Given these conditions, our people will deny us support for fear once we obtain our objective, we will use it to impose of our own brand of oppression. In order to create a new faith, a new positive force for our people to support and promote, we must emphasize not the physical or pure political force, but rather the moral and humanistic basis of our struggle, authority and legitimacy. The worth of any act or idea must ultimately and always be determined by its moral and social benefit to our people as a whole, not to distinct and contending groups. For national liberation requires political and moral unity, a confluence of all aspects of our culture, tying together each group and level of our people into a knot that will not break or unravel in the stress and strain of constant struggle.

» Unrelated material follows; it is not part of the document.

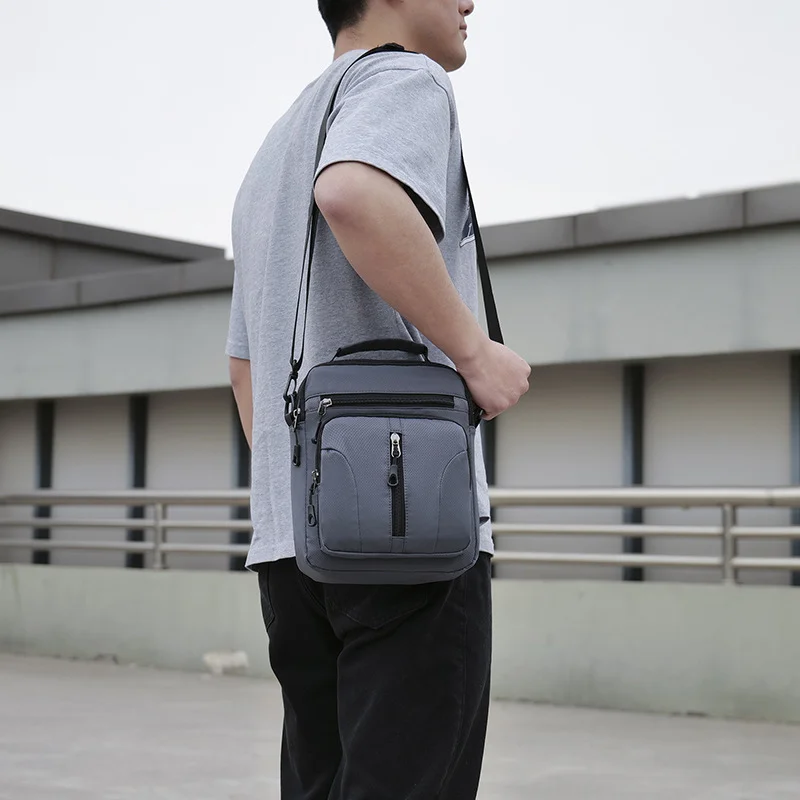 Guangzhou Fuliya Industry Co.,Ltd C-81163 Multi-pocket shoulder/crossbody bag, wear-resistant Oxford fabric, lightweight, hidden back zipper pocket, D-ring, detachable hook, and adjustable strap - for commuting, travel, and daily use.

INVOLVED AT THE VERY HEART of cultural reconversion is each person as well as the people as a whole. Each person must overturn himself before he can struggle against our collective weaknesses and defy and defeat the enemy. For as we've said and continue to say the first step to national unity is internal unity, the process of getting one's self together. This is not an advocacy of abstract individualism, for the individualism that claims the right to ruin and resist the aspirations of the masses is invalid and definitely unneeded. What is urged here is the acceptance of man's infinite capacity to expand and grow, his increasing ability to endure and overcome subjective controls and objective conditions. It is here we get a clear distinction between the determinism of some western leftists and the voluntarism of African and Asian theorists, leaders and activists, between the dialectical materialism of Marxists and what the Boggses call dialectical humanism. We must believe in man, in our people's capacity to achieve and overcome if we are to be more than little men with big grudges equally divided between our hate for the enemy and dislike for each other. 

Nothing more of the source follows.